Abstract: PUB051
Explainable Prediction of 24-Hour AKI Recovery in Trauma Patients Using Time-Series Shapley Additive Explanations
Session Information
Category: Artificial Intelligence, Digital Health, and Data Science
- 300 Artificial Intelligence, Digital Health, and Data Science
Authors
- Yi, Yongjin, Dankook University Hospital, Cheonan-si, Chungcheongnam-do, Korea (the Republic of)
- Kim, So Mi, Dankook University Hospital, Cheonan-si, Chungcheongnam-do, Korea (the Republic of)

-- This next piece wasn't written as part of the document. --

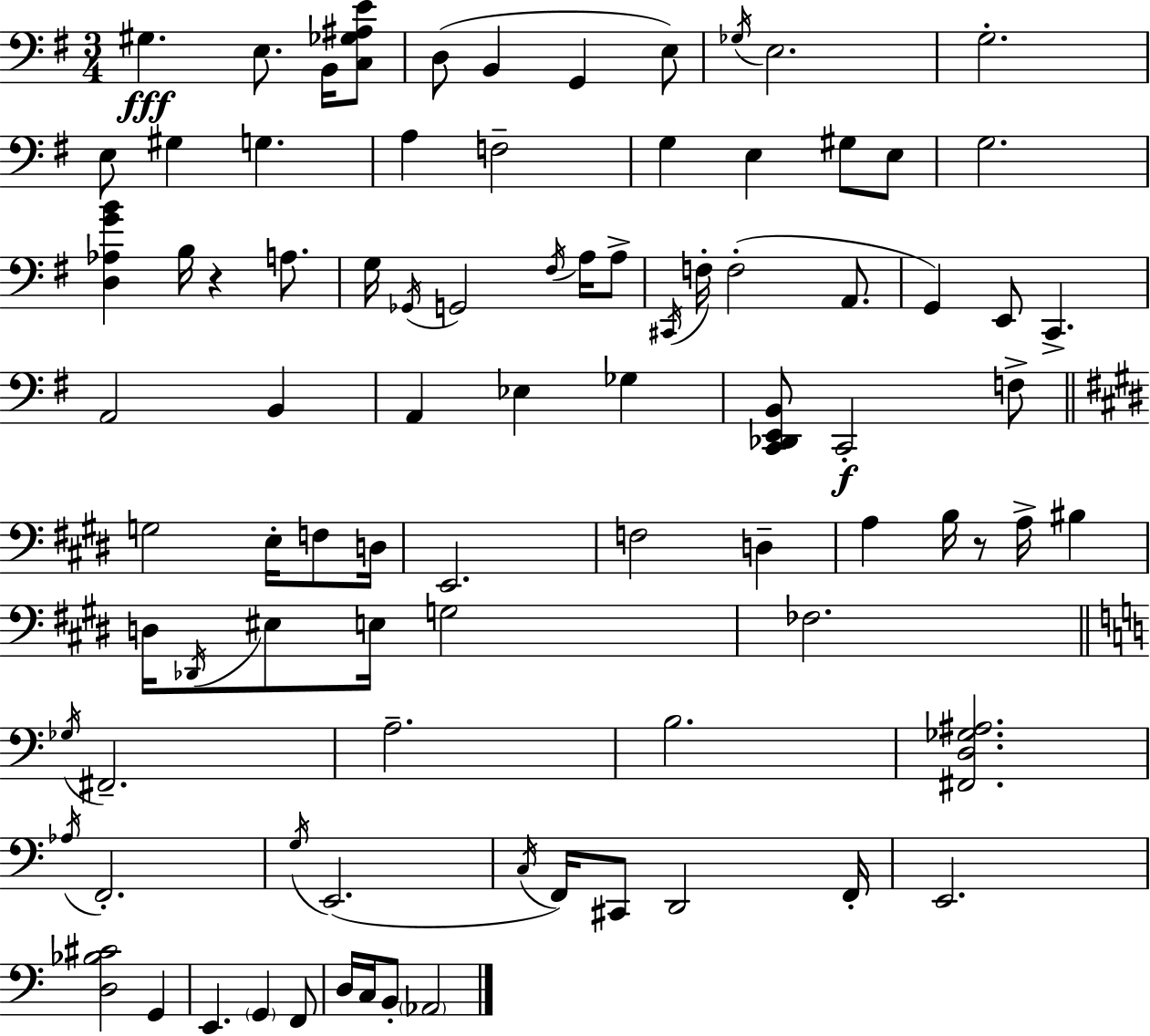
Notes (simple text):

G#3/q. E3/e. B2/s [C3,Gb3,A#3,E4]/e D3/e B2/q G2/q E3/e Gb3/s E3/h. G3/h. E3/e G#3/q G3/q. A3/q F3/h G3/q E3/q G#3/e E3/e G3/h. [D3,Ab3,G4,B4]/q B3/s R/q A3/e. G3/s Gb2/s G2/h F#3/s A3/s A3/e C#2/s F3/s F3/h A2/e. G2/q E2/e C2/q. A2/h B2/q A2/q Eb3/q Gb3/q [C2,Db2,E2,B2]/e C2/h F3/e G3/h E3/s F3/e D3/s E2/h. F3/h D3/q A3/q B3/s R/e A3/s BIS3/q D3/s Db2/s EIS3/e E3/s G3/h FES3/h. Gb3/s F#2/h. A3/h. B3/h. [F#2,D3,Gb3,A#3]/h. Ab3/s F2/h. G3/s E2/h. C3/s F2/s C#2/e D2/h F2/s E2/h. [D3,Bb3,C#4]/h G2/q E2/q. G2/q F2/e D3/s C3/s B2/e Ab2/h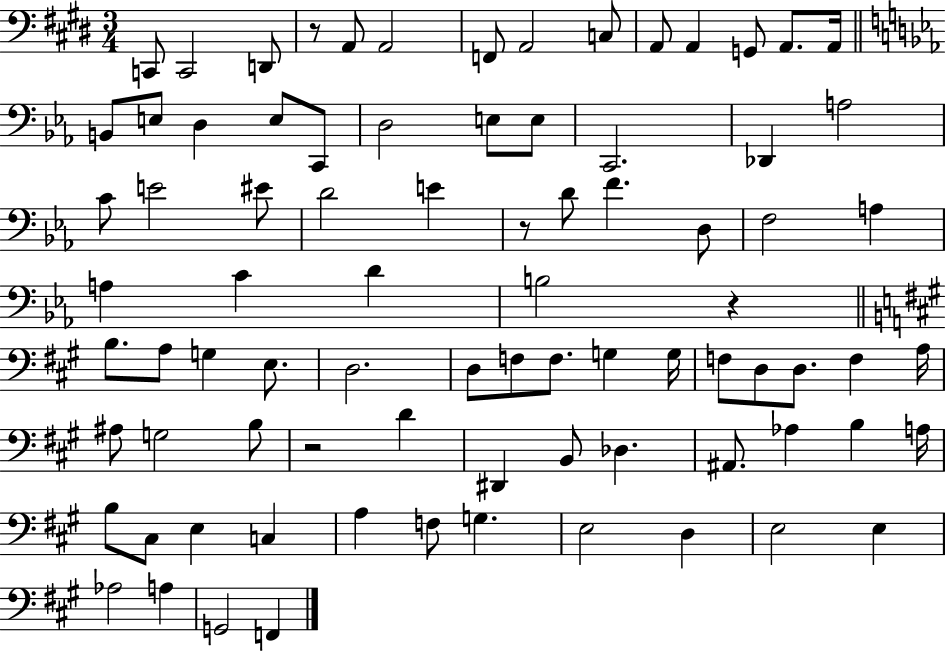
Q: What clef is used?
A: bass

- Jang, Youngjoo, Dankook University Hospital, Cheonan-si, Chungcheongnam-do, Korea (the Republic of)
Background
Acute kidney injury (AKI) significantly impacts morbidity and mortality in trauma patients, and early recovery is associated with favorable outcomes. This study aimed to develop a machine learning model with explainable artificial intelligence (xAI) to predict AKI recovery within 24 hours among hospitalized trauma patients.
Methods
We performed a retrospective cohort study of 1,156 trauma patients who developed AKI between 2015 and 2024 at the Dankook University Trauma Center. AKI stages were classified according to the KDIGO criteria based on serum creatinine (Stage 1, n=663; Stage 2, n=218; Stage 3, n=275). An Extreme Gradient Boosting (XGBoost) model was trained on clinical and laboratory data from 909 patients and validated on a temporally independent cohort of 247 patients. The primary outcome was AKI recovery at 24 hours. Model performance was evaluated using the area under the receiver operating characteristic curve (AUROC), with sensitivity and specificity. Feature contributions and model explanation were analyzed using time-series SHapley Additive exPlanations (SHAP).
Results
The XGBoost model predicted 24-hr AKI recovery with an AUROC of 0.843. At a threshold probability of 0.5, the model achieved a sensitivity of 74.6% and a specificity of 71.2%. Time-series SHAP analysis generated interpretable visualizations of patient-specific clinical trajectories, revealing key factors associated with recovery (Figure 1).
Conclusion
This study demonstrates that an explainable XGBoost model can predict 24-hr AKI recovery in trauma patients using routinely collected clinical data. The integration of time-series SHAP visualizations enhances interpretability, enabling clinicians to understand individualized predictions and identify actionable clinical features to support personalized interventions and improve outcomes.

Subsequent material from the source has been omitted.